> _Task brief_:
In the material below, find the line containing "Peugeot 308 1.6" and the line containing "Terraced house for", then reproduce exactly both of them and every line between, and nothing else.
┌──
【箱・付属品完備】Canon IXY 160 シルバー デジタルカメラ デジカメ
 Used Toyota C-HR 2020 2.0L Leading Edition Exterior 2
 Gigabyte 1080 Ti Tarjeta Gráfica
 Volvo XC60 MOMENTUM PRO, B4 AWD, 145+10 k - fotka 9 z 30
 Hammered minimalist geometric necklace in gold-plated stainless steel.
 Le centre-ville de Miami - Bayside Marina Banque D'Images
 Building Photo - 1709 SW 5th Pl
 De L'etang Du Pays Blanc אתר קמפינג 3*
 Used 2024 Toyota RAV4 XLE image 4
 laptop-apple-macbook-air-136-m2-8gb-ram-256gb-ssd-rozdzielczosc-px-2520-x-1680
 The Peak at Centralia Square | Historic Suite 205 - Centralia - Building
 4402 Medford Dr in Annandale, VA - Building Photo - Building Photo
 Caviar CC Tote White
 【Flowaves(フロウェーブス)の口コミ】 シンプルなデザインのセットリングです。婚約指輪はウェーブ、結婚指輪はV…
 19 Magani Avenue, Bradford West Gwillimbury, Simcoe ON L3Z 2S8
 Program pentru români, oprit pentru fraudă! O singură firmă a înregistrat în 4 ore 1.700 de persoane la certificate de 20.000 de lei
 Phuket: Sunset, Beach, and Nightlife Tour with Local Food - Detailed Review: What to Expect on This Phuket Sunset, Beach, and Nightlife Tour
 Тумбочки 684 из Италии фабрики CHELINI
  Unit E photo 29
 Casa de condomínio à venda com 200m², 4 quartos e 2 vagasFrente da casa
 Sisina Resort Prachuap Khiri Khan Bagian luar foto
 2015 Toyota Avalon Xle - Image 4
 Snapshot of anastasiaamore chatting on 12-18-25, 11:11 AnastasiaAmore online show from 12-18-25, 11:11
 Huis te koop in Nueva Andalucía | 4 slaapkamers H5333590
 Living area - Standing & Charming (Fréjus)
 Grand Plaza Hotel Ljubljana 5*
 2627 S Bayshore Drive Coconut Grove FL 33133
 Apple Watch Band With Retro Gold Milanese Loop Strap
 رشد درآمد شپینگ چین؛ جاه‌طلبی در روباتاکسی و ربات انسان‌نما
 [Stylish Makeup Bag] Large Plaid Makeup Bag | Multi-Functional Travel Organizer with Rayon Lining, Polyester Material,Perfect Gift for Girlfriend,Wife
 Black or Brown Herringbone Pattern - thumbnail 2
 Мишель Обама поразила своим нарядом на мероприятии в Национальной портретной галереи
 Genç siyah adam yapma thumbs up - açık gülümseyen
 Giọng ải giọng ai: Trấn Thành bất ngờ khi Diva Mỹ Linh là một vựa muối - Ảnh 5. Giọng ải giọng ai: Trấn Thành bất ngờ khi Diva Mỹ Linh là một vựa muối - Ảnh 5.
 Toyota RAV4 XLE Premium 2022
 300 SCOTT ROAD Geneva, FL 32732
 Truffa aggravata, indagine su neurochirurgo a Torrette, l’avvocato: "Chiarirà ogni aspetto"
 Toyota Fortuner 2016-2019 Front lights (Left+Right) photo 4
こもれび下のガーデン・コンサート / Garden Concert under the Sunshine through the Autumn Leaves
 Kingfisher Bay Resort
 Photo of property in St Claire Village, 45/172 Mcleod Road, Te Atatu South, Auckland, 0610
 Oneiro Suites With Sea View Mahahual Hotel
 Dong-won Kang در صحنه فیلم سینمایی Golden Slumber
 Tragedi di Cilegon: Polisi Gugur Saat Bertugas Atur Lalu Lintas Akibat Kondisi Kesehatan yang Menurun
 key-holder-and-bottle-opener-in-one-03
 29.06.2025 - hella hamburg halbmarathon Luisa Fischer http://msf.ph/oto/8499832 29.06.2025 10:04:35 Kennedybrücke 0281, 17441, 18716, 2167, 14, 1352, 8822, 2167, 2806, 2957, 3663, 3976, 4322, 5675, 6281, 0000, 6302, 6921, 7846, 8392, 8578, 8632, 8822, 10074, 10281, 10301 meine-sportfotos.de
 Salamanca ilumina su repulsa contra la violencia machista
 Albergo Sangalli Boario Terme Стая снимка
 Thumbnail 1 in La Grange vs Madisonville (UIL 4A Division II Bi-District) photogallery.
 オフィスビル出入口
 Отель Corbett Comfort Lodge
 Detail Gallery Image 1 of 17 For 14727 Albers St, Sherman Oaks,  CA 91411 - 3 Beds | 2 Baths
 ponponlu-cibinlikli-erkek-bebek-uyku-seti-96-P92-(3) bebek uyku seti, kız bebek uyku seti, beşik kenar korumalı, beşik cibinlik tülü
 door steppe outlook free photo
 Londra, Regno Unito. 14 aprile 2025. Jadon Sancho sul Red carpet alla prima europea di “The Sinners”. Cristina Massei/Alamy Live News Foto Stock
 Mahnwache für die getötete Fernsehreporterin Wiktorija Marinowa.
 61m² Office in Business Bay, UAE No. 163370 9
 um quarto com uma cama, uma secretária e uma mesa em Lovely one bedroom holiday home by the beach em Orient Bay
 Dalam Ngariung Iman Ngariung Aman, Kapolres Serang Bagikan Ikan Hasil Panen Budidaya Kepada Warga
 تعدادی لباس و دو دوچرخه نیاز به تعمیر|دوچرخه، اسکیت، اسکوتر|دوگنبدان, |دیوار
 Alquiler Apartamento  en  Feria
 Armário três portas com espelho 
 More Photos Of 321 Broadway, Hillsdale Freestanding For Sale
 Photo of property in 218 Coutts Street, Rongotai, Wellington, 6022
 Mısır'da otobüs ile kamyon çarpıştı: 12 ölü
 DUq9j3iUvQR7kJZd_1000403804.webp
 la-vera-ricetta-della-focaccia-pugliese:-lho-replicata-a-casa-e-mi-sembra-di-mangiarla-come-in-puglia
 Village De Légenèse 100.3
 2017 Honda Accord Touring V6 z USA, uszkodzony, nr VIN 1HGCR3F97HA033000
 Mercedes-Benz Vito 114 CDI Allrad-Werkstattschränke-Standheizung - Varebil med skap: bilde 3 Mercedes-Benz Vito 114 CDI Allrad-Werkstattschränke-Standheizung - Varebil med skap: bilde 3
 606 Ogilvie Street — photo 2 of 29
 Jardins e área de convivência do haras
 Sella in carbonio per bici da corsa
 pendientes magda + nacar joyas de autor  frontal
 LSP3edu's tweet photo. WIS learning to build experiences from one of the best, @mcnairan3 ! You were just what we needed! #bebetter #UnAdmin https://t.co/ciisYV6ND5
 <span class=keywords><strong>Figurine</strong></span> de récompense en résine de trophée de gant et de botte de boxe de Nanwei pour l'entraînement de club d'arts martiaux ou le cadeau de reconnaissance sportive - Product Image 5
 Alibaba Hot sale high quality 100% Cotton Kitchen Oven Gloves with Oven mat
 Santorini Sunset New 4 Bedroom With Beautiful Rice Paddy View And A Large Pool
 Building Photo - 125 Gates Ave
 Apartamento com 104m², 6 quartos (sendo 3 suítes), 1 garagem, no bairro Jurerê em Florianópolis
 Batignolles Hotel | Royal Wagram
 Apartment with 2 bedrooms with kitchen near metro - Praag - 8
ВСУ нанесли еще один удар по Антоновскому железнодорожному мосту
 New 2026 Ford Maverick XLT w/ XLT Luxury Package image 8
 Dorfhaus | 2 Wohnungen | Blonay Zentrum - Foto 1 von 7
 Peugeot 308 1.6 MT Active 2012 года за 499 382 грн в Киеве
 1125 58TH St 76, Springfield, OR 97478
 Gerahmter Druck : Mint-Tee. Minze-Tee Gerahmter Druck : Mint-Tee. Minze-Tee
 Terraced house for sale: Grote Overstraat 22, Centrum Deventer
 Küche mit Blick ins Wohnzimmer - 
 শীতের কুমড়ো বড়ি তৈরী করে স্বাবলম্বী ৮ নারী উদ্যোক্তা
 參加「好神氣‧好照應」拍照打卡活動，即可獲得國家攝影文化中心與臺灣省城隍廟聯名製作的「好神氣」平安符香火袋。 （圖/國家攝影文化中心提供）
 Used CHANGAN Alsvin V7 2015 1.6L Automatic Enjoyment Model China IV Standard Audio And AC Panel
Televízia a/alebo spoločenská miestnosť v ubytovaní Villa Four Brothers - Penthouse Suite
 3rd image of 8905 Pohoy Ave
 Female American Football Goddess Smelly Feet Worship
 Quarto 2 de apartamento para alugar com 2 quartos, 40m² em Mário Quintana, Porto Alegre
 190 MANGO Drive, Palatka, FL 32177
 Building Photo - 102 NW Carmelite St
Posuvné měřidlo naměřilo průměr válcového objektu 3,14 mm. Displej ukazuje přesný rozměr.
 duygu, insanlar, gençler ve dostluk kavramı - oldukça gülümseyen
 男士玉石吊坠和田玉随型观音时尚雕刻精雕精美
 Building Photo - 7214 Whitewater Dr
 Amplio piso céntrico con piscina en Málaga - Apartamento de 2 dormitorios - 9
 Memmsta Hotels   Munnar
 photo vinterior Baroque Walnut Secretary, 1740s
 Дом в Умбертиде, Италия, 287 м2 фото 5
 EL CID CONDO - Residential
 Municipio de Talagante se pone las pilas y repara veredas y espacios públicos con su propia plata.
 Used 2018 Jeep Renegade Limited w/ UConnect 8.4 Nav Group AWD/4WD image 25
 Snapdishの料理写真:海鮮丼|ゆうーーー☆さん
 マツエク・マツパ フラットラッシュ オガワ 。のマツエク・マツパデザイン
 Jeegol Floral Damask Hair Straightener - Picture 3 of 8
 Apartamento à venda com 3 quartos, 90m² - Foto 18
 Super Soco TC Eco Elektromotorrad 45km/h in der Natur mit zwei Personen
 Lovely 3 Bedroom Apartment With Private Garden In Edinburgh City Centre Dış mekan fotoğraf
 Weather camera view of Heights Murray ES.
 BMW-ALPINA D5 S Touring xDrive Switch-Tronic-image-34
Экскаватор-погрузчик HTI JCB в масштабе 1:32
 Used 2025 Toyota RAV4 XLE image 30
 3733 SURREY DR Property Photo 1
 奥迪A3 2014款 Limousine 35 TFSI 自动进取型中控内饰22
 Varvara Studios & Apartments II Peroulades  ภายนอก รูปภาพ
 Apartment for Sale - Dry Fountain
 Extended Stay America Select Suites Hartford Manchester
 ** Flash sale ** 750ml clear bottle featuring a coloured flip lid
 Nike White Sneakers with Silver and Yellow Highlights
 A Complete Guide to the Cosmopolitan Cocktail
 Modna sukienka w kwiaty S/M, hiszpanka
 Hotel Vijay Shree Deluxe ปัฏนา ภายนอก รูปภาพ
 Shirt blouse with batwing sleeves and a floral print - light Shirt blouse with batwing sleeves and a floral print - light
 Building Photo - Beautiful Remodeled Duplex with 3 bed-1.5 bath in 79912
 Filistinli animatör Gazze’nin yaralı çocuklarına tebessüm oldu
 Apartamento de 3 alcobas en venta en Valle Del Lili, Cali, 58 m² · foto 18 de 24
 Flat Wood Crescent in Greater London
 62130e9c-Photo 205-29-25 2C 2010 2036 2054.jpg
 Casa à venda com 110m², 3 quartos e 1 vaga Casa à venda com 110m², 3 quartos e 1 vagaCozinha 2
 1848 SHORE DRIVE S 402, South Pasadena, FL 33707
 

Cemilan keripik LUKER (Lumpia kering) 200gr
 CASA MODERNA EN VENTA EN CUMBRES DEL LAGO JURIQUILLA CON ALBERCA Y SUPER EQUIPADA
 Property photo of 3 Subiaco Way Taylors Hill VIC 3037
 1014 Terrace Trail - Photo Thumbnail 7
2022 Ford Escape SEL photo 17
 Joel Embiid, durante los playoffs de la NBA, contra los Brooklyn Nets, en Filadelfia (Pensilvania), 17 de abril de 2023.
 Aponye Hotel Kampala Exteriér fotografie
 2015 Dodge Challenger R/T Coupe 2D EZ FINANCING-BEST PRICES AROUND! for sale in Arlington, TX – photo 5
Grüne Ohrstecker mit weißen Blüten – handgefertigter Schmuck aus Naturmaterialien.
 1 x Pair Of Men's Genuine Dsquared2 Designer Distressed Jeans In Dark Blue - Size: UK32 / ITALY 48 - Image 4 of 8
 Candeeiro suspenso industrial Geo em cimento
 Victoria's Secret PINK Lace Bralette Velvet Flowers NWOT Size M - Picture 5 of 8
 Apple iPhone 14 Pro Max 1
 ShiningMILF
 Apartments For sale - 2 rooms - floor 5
└──
> _Written solution_:
 Peugeot 308 1.6 MT Active 2012 года за 499 382 грн в Киеве
 1125 58TH St 76, Springfield, OR 97478
 Gerahmter Druck : Mint-Tee. Minze-Tee Gerahmter Druck : Mint-Tee. Minze-Tee
 Terraced house for sale: Grote Overstraat 22, Centrum Deventer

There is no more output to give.